I saw so many people on the beach using various tanning products. I have often thought, "Is it really the sun that causes skin cancer or could it be the propylene glycol and other chemical additives found in the numerous sunscreens and tanning lotions/oils?" Think about it. If you were to place
straight antifreeze on the skin and then lie in the sun, what would happen? Nobody would be silly enough to try it, but this is what thousands do daily. LavaDerm, get some for your Summer Vacation! Jay


In Dr.DeVita's book Saving Face she says, "Certain natural vegetable oils and essential oils have been found to provide some protection against the sun. Sesame oil can block or reduce about 30% of the burning rays; coconut and olive oils about 20% and Aloe Vera inhibits about 20%. Helichrysum has been researched for its ability to effectively screen out some of the sun's rays." She gives the following formulas for sun block, and sunscreen lotions. Sun block: Mix 3-6 drops Helichrysum (Helichrysum Italicum) with 100 drops of sesame oil or olive oil. Apply on skin every few hours. Sunscreen: 1 ounce sesame oil, coconut oil or olive oil, 10 drops Helichrysum, 5 drops Lavender and 3 drops Chamomile. Mix and apply. Hope that helps, Wendy

Something to keep in mind when using coconut oil for tanning - remember to wet down your body before applying the oil. Put the oil on only after making the surface of the body wet. The oil needs the water in order to penetrate the skin to the maximum and provide proper protection. I'll bet that most of the folks who are saying that they tried the oil as a suntan
lotion but it did not work, did not put water on their body before applying the coconut oil.

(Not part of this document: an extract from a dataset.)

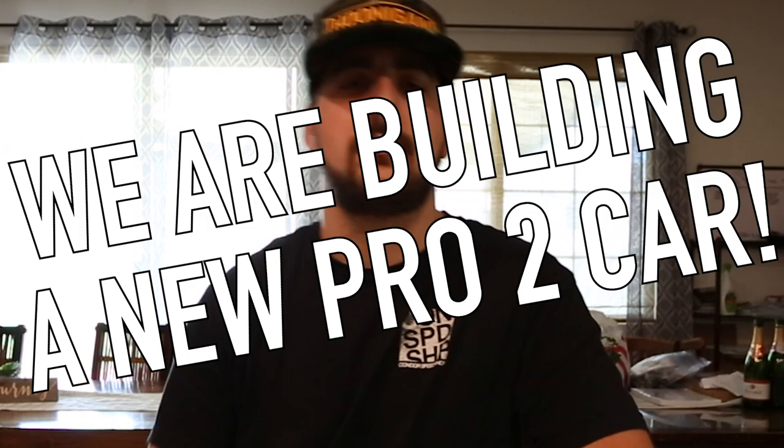What's in the box? What's in the box? It has been quite some time since I've made a what's in the box video because I haven't been ordering parts — we've been in season. Guess what? Now we're not in season and we're ordering stuff, because we're building a new Pro 2.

I have had wonderful results with Patchouli. After I wash my face, I use 2-3 drops of Patchouli. In the Higley's it says it may help acne, protects against UV radiation, tightens loose skin, prevents wrinkles, heals chapped skin and so on. My face has never looked better. I receive compliments frequently. Plus, this summer my face never burned in the sun. This is a great oil for both men and women. Enjoying the sun, Barb


. . . and if you don't want to use any oil or sun screen, you can always wear a hat and a long sleeved shirt!